Felipe Massa 2007'nin büyük kısmında, Ferrari'nin yıldızı Kimi Raikkonen'in ani çıkışlarıyla çalkantılı bir sezon geçirdi. Esasen Massa, sezonun ilk yarısında son derece hızlı bir performans sergilemişti, Raikkonen ise onun ardından ikinci sırada yer alıyordu.
Sezonun başlarında Felipe, her açıdan en avantajlı pilot olarak boy gösterdi. Lastiklerinin performansı da memnun edici düzeydeydi ama Raikkonen'i aynı şekilde tatmin etmedi.

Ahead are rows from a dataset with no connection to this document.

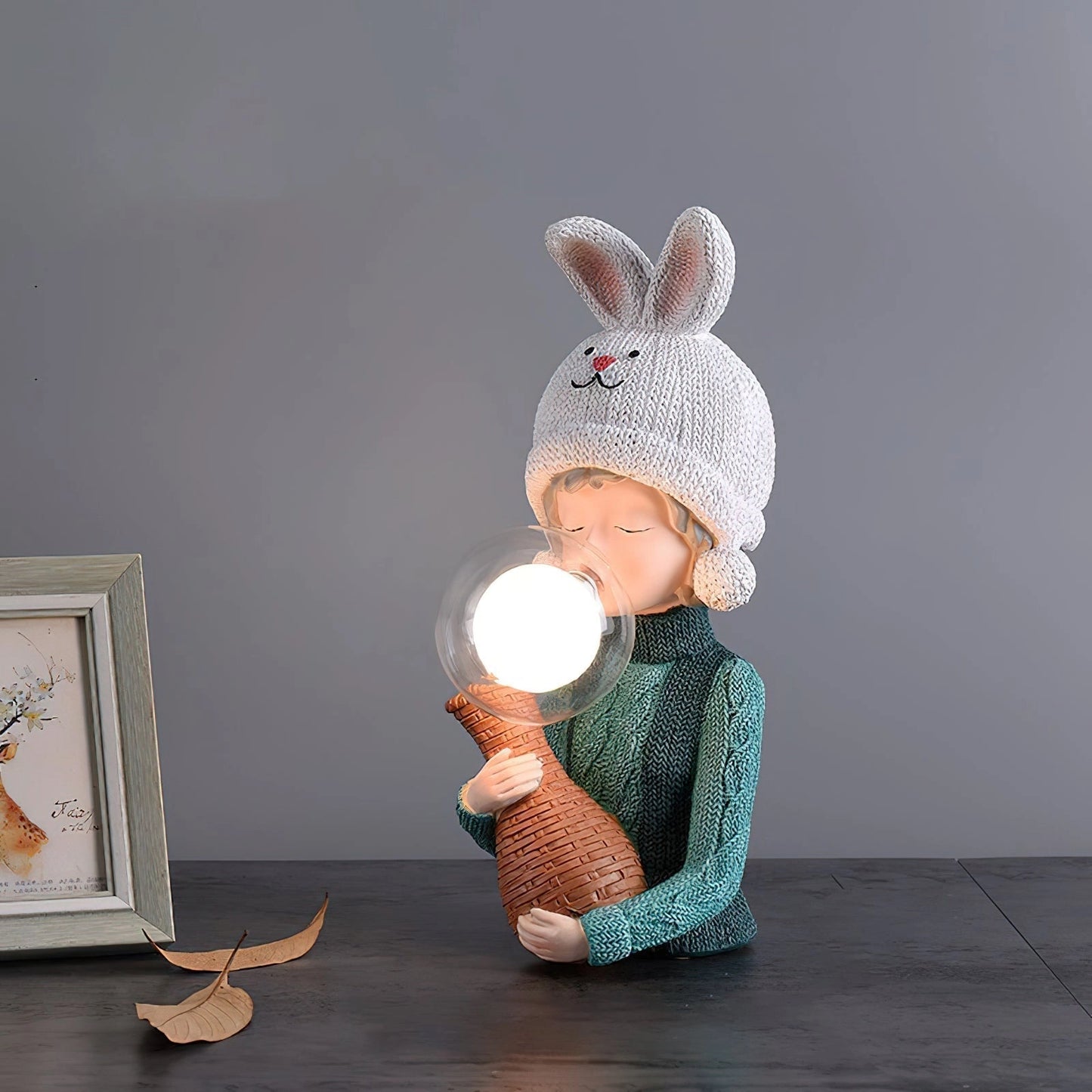 Resin table lamp featuring an elegant rabbit girl design with a dual glass lampshade, positioned on a wooden base.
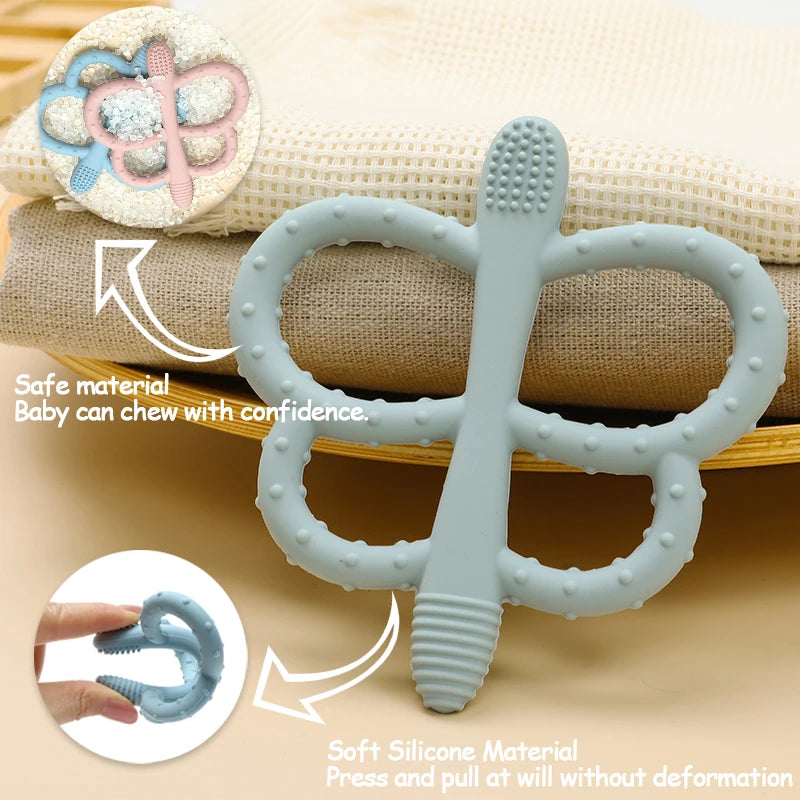 A light blue silicone butterfly teether is shown next to a rolled cloth, demonstrating its safe and durable material.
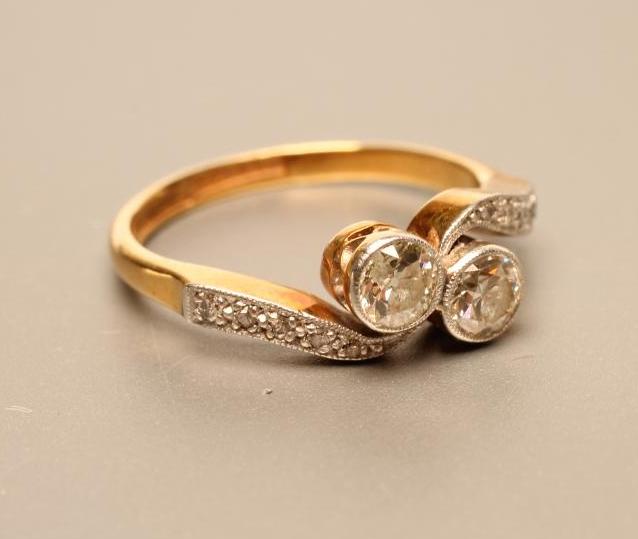 A TWO STONE DIAMOND CROSSOVER RING Image
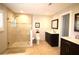 Bright bathroom featuring a spacious glass shower and modern vanity with marble countertop at 130 Water Oak Way, Oldsmar, FL 34677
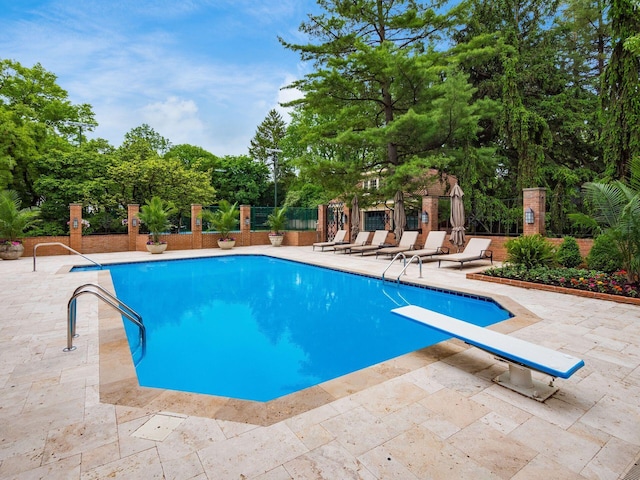 140 N Parkview Ave, Bexley, OH 43209 - view of swimming pool with a patio area, view of scattered trees, and a diving board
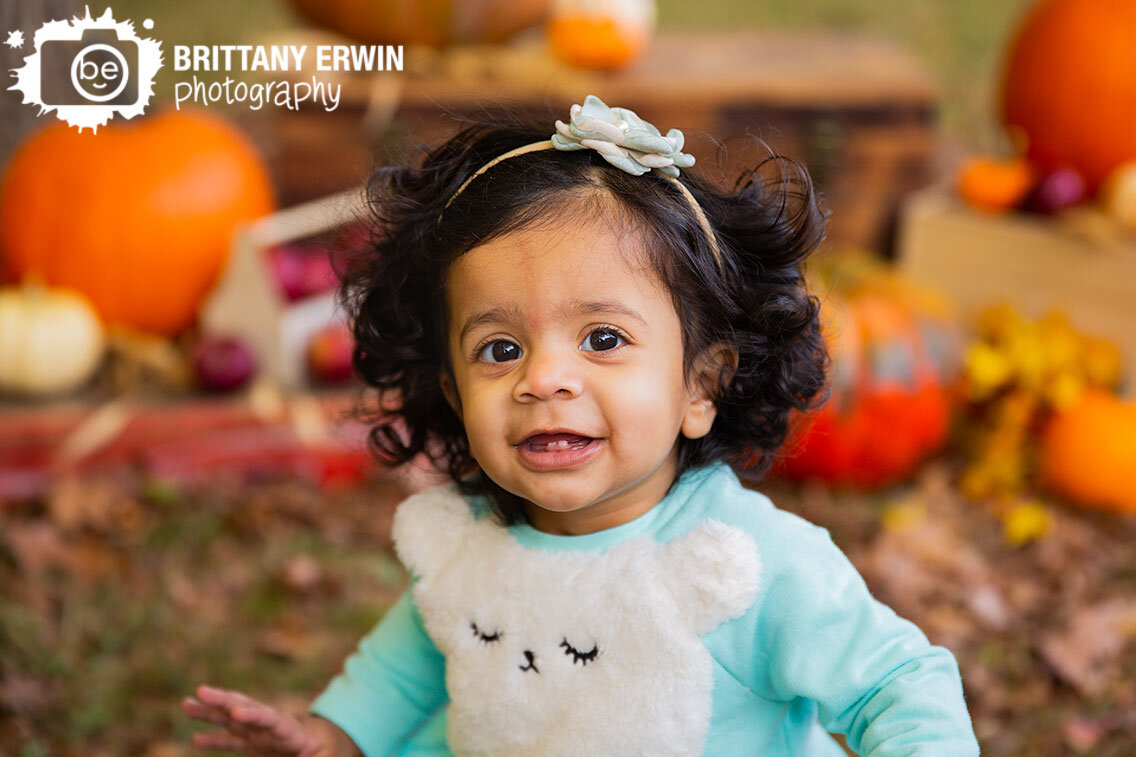 Indianapolis-fall-mini-session-milestone-9-month-baby-girl-pumpkins.jpg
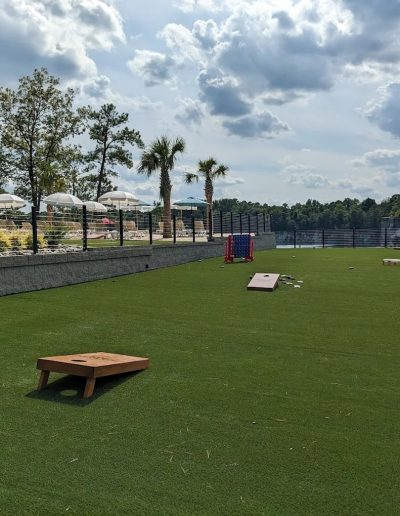 Wake Forest NC outdoor water park with floating inflatables and swimming beach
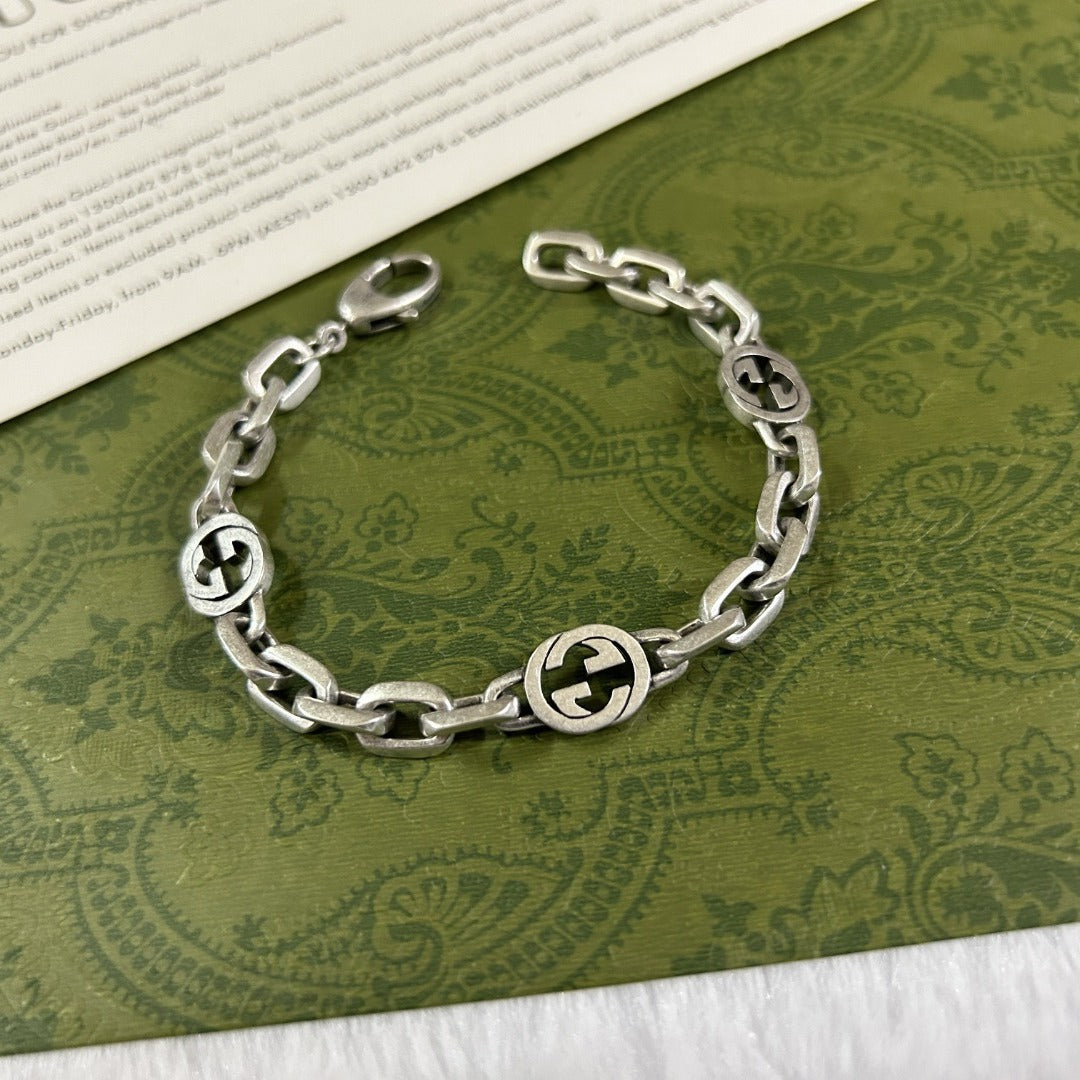 Gucci Interlocking chain braceletwith circular designs on a green patterned background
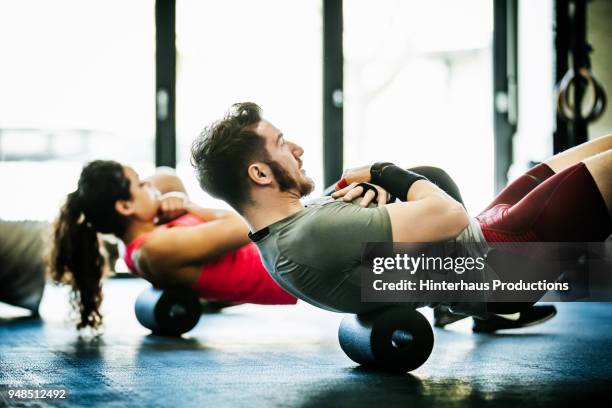 gym goers performing floor exercises together - trainingsraum freizeiteinrichtung stock-fotos und bilder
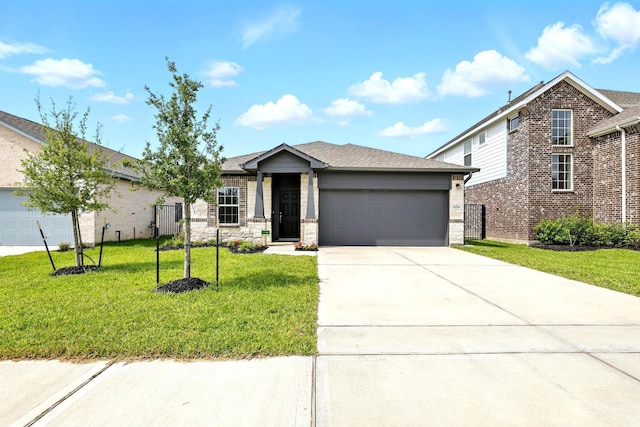 15219 Faushard Ln, Houston, TX 77044 - view of front of property featuring an attached garage, a front lawn, concrete driveway, and brick siding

Yıllarca Michelin kullanan Fin pilot, Ferrari sistemlerine derhal adapte olamamıştı.
Buna rağmen Raikkonen, Massa'nın, yaşadığı sıralama problemlerine çözüm bulucu bir açıdan yaklaşamaması fırsatından istifade etmesini bildi. Fakat, Albert Park'ın karakteristiği, Raikkonen'in set-up problemini acıklı bir şekilde gizledi. Fin pilotta ironik olarak, göz boyayıcı bir şekilde, kısa zaman sonra nasıl da hemen Ferrari'ye adapte olduğu ve iyi bir netice elde ettiği düşüncesini hakim kıldı.
2 hafta sonra Monako'da yapılan yapılan ve problemsiz geçen testlerde Raikkonen, hız bakımından büyük bir avantaja sahip olarak görüldü. Ancak bu sevinç, Q2 kazasıyla yerini üzüntüye bıraktı. İronikçe görüldü ki, aracın ön ucuyla ilgili bazı ihmaller vardı.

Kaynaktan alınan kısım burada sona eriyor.